A Second Opinion
A couple of weeks ago I started having some pain on the right side of my throat, along with difficulty eating. As time went on, I started also having pain in my right ear. The pain became greater and greater, and so did the difficulty eating. Because I've had an abscessed tooth before, I just "knew" that this was a tooth problem. So, off to the dentist I went yesterday. I let him know that he needed to get this tooth out of my head because it was causing excruciating pain. I even was convinced that I knew which tooth was the culprit! As I was explaining to him what was going on he said, "Your tooth isn't going to cause all that". Well, in spite of his almost 30 years of experience I just "knew" he was wrong. While he was examining me he told me to open wide and say, "Ahhhhh", which I found strange and yet another sign of my dentist clearly being delusional. Then he told me, "Girl, that's not your tooth, you have strep throat". After I proceeded to argue with him a little bit more, he sent me on my way with a prescription for an antibiotic and a pain medication. Because I was so insistent it really was my tooth, he said, "Well, this is going to clear everything up, but if not I guess just come back." So, upon waking up this morning, wouldn't you know it, my symptoms are somewhat better.
Sad to say, I have often done the same thing in my life with things not related to my teeth or throat! How many times have I had a situation where I just "knew" the answer only to find out how very wrong I was? Seems like I'm often in need of a second opinion, whether it's from the Lord, or a brother or sister who can see things more clearly than me.
Specifically, I have often been in need of a second opinion when it has come to my recovery. For years I stumbled through my addiction. About 23 years to be exact. I had my own way of dealing with things, and my own diagnosis. My diagnosis was that I must just have an unusually high sex drive (especially for a female), and the way to fix it was to just try harder. Yeah, my remedy and diagnosis were so spot on that it kept me "sick" for 23 years.
Finally, when I realized that I just wasn't getting free, in desperation I shared my struggle with a lady from my church. Neither one of us really knew what we were doing, but God was faithful to lead and guide, and she came up with the idea of being accountable.
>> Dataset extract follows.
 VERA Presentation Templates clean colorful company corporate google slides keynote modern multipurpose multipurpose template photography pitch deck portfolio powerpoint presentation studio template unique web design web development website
I then went on a fast, and God led me to a ministry in California that deals in sexual addiction issues where I began counseling. On more than one occasion my counselor told me, "You may not understand now what I'm saying, or why I'm giving this advice, but if you trust and continue walking you will be free." Well, he was right. I often didn't understand the advice, but I chose to listen and finally set aside my arrogance and let someone who is farther down the road from me speak into my situation. What he also was right about was that in trusting I did find freedom. In less than a week I will have my 11 year anniversary of being free. I didn't realize at the time that what I diagnosed as "simply being too horny" was actually a God given need for relational intimacy. My remedy of "trying harder" didn't work because a God given need requires a God given solution: being relational.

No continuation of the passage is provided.